With the deadline for filing extended tax returns having just passed, taxpayers need to be extra cautious about emails that appear to come from the IRS.
The IRS recently announced that there has been a spike in an IRS impersonation scam. Targets of the scam have reported receiving emails from what looks like a legitimate IRS.gov email with a subject line reading something along the lines of, “Automatic Income Tax Reminder” or “Electronic Tax Return Reminder.”
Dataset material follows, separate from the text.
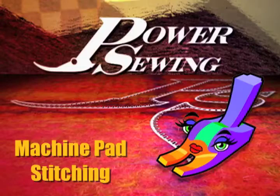Are you already sewing or do you want to learn? Welcome to Power Sewing. I'm Sandra Vetsina. I'm Ron Collins.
The scam emails pretend to be about the recipient’s tax refund, electronic return or tax account. The poison pill is in the link included in the emails that appear to direct the user to the IRS website where the user will be asked to enter a “temporary password” or a “one-time password” to access the supposed files and submit for the refund. Of course, clicking on the link leads the victim to a malicious file that will infect the user’s computer with malware, which is then used to gain control of the victim’s computer or it will secretly download software that tracks every keystroke, eventually giving the bad guys passwords to sensitive accounts.
Remember, the IRS does not send unsolicited emails or text messages, and it does not email taxpayers about the status of refunds. If you should receive a suspicious email of any sort, don’t take any chances and delete it immediately. If you are concerned that it could be legitimate correspondence from the IRS or you are indeed contacted by the IRS for any reason, please contact your tax adviser immediately.